Ini adalah awal dari sebuah rasa yang bernama bahagia. Ketika surga mengijinkanmu untuk memijakkan kaki di bumi, metafora dimulai. Entah sengaja atau tibatiba, tatap mata kita bertemu, dan seterusnya aku bahagia, sejak itu. Wangi tubuhmu selalu membanting sukma, dirajam senyum yang setara dengan ujung pedang, tajam dan membinasakan. Tak ada kata lain! Tatapanmu adalah wacana, menerjemahkan pengertian jika cinta adalah sebuah danau, lalu kita dikutuk menjadi sepasang ikan, dan saat mata kita bisa berkedip, kita boleh mengawali kebahagiaan. Menjalani segalanya tanpa rayuan, karena rayuan tak ubahnya ancaman yang diucapkan dengan mesra. Menaiki anak tangga yang tersusun dari cahaya, serupa tangisan bayi yang lebih putih dari mutiara. Memasrahkan diri untuk disetubuhi kekaguman yang bertubitubi.

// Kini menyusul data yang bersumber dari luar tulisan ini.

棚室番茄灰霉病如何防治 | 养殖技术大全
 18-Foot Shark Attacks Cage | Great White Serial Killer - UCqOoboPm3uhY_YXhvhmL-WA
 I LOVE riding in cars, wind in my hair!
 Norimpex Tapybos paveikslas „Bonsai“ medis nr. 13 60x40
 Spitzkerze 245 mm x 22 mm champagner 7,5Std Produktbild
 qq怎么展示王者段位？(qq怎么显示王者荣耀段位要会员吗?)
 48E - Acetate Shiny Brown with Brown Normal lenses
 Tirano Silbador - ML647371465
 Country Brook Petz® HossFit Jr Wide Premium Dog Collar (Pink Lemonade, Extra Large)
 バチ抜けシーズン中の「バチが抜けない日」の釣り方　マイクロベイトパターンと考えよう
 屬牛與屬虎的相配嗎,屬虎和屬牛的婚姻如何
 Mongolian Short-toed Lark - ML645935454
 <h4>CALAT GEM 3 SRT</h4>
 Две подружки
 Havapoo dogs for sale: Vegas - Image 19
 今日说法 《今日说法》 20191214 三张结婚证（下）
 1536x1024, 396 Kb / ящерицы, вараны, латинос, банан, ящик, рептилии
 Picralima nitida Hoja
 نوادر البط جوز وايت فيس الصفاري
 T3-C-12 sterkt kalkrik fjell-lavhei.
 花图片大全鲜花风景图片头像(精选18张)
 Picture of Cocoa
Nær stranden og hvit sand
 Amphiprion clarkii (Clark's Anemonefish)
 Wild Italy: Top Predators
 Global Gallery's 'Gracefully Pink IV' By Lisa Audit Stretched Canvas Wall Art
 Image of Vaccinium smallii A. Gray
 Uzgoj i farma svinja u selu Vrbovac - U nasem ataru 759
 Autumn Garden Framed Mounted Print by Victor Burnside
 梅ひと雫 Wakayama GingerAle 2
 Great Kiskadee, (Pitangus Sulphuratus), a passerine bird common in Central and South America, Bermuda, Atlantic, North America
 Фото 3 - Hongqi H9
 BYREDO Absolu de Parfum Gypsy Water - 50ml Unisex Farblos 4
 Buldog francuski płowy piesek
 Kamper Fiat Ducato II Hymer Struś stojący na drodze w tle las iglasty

Yah, seperti takdirnya sendiri, didalam cinta, tak ada jatuh yang tak bahagia.

Kehadiranmu di dunia seperti perintah Tuhan, agar Sorga selalu terbayang ketika do'a sedang kupanjatkan. Selanjutnya aku tak pernah terkejut, ketika kekagumanku sendiri yang menyuruhmu menghuni mimpi. Menyaksikan senyummu saja, dua detik kedepan aku akan menjadi seorang buta untuk melihat kesedihan, lalu bisu untuk mengucap keluhan. Entahlah, tibatiba aku lupa warna airmata. Ketika katakata menyembunyikanku dalam bilik rindumu yang mahapuisi. Bertanding melawan rindu yang sedang mabuk berat dalam warasku. Sedang senyummu, minuman paling anggur yang kusuling perlahan dari ladang anganku. Gerakan tubuhmu; kaki jenjang bidadari yang mengitari purnama. Kekagumanku; sorak anak kecil yang belum mengenal gerhana. Dingin yang kau rasakan, barangkali salah satu cara agar aku tak pernah lupa menawarkan pelukan. Kekagumanku seolah menjadi berita yang baik, saat dingin terbawa langkah kaki sunyi menuju kesini. Lalu kita merayakan ciuman perak tak berujung dan menambah satuan detak jantung. Jika kelak aku tak mampu melihatmu dalam pandangan, aku tetap bisa bersyukur karena kau pernah bermukim dalam ingatan.